=== Input data ===
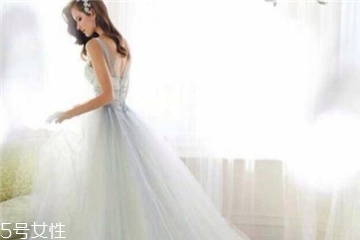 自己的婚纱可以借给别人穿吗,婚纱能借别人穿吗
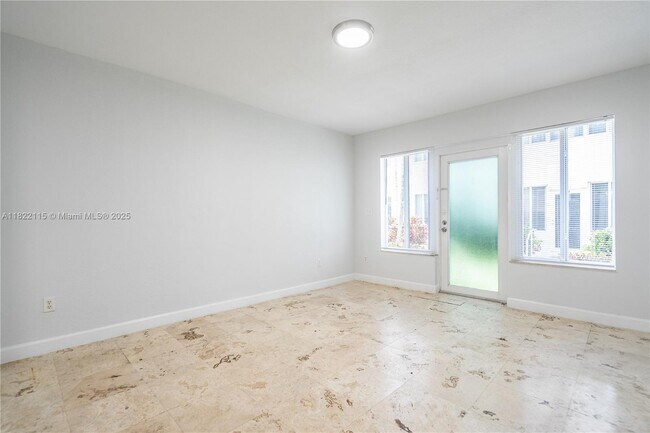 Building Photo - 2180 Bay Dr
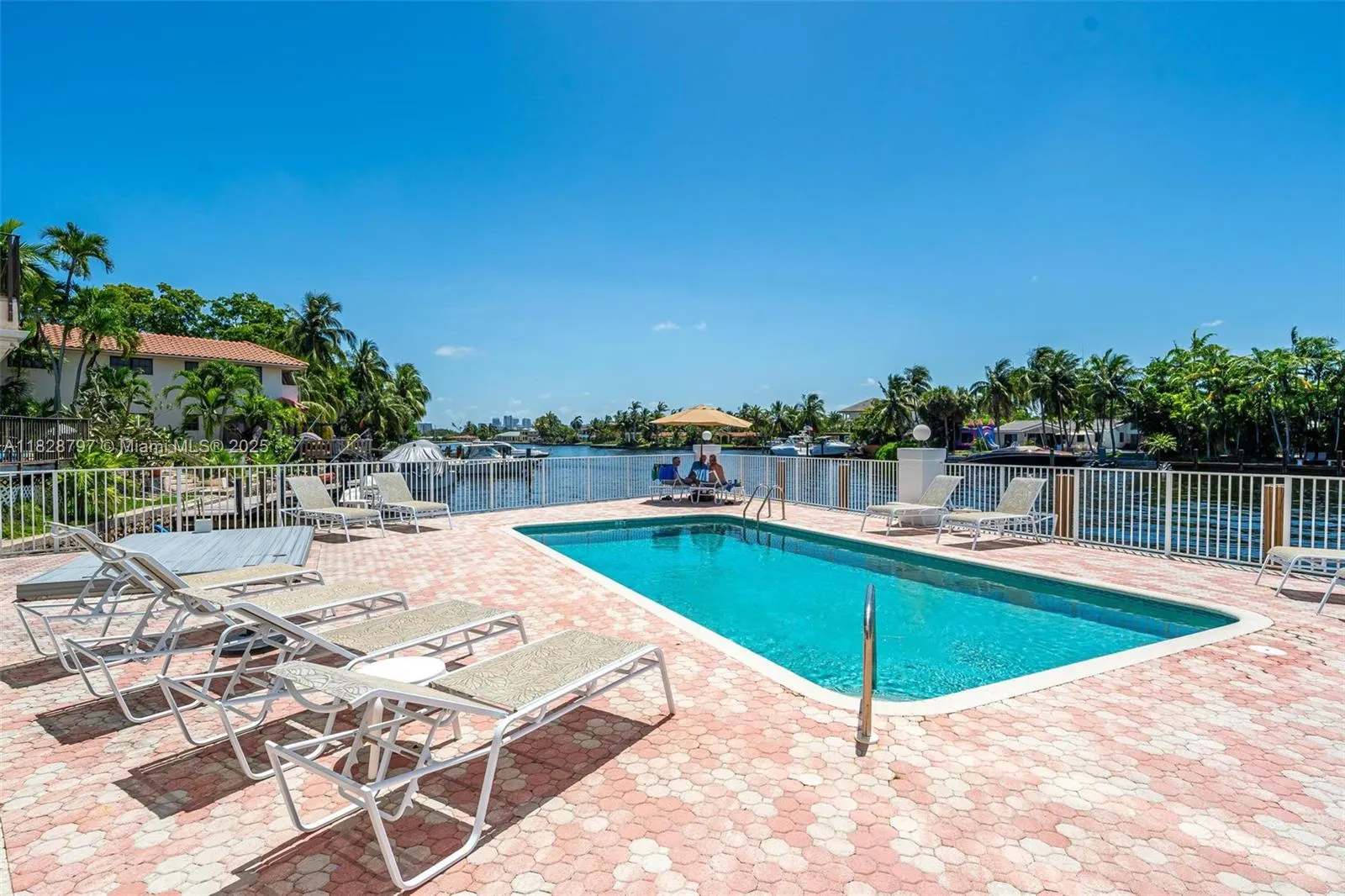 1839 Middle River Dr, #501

=== What the task asks ===
Apart from its pictures, the data is to be repeated exactly.

=== Answer to this problem ===
 自己的婚纱可以借给别人穿吗,婚纱能借别人穿吗
 Building Photo - 2180 Bay Dr
 1839 Middle River Dr, #501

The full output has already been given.